C.S. Lewis was once asked, ‘Is attendance at a place of worship or membership with a Christian community necessary to a Christian way of life?’
His answer was as follows:
‘That’s a question which I cannot answer. My own experience is that when I first became a Christian, about fourteen years ago, I thought that I could do it on my own, by retiring to my rooms and reading theology, and I wouldn’t go to the churches and Gospel Halls; and then later I found that it was the only way of flying your flag; and, of course, I found that this meant being a target. It is extraordinary how inconvenient to your family it becomes for you to get up early to go to Church. It doesn’t matter so much if you get up early for anything else, but if you get up early to go to Church it’s very selfish of you and you upset the house.
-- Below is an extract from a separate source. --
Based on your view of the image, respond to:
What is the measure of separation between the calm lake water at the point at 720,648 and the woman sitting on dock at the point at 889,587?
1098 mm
If there is anything in the teaching of the New Testament which is in the nature of a command, it is that you are obliged to take the Sacrament, and you can’t do it without going to Church.
I disliked very much their hymns, which I considered to be fifth-rate poems set to sixth-rate music. But as I went on I saw the great merit of it. I came up against different people of quite different outlooks and different education, and then gradually my conceit just began peeling off.
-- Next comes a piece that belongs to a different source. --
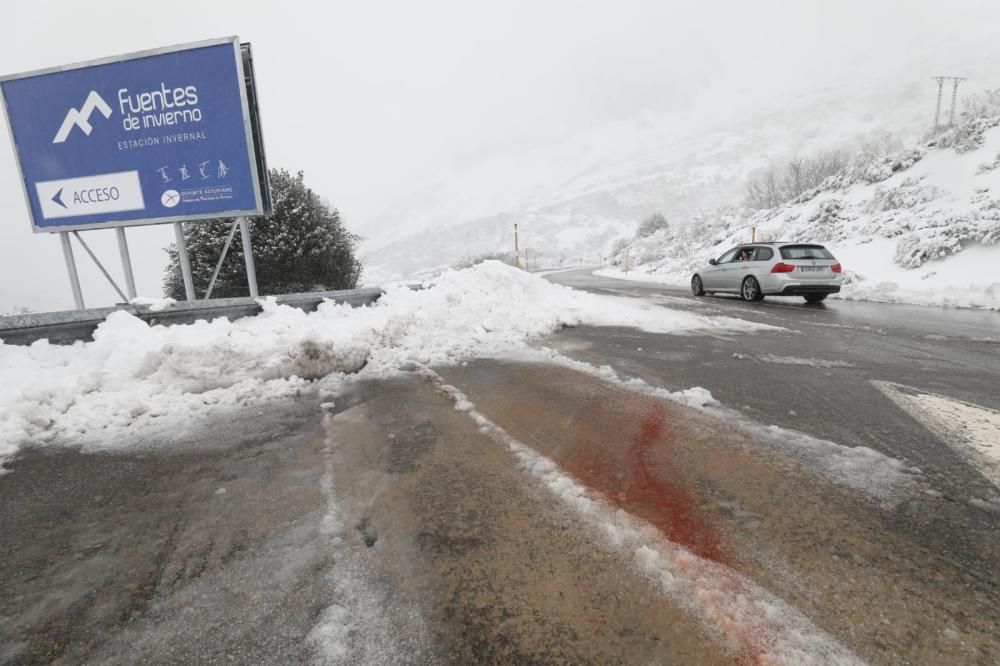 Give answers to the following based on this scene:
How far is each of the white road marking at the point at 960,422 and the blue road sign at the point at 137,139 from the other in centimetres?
887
I realized that the hymns (which were just sixth-rate music) were, nevertheless, being sung with devotion and benefit by an old saint in elastic-side boots in the opposite pew, and then you realize that you aren’t fit to clean those boots. It gets you out of your solitary conceit.”
I deny, with some warmth, the charge of being “choosy about services.” My whole point was that any form will do me if only I’m given time to get used to it. The idea of allowing myself to be put off by mere inadequacy–an ugly church, a gawky server, a badly turned-out celebrant–is horrible. On the contrary, it constantly surprises me how little these things matter, as if:
“Never anything can be amiss, when simpleness and duty tender it.”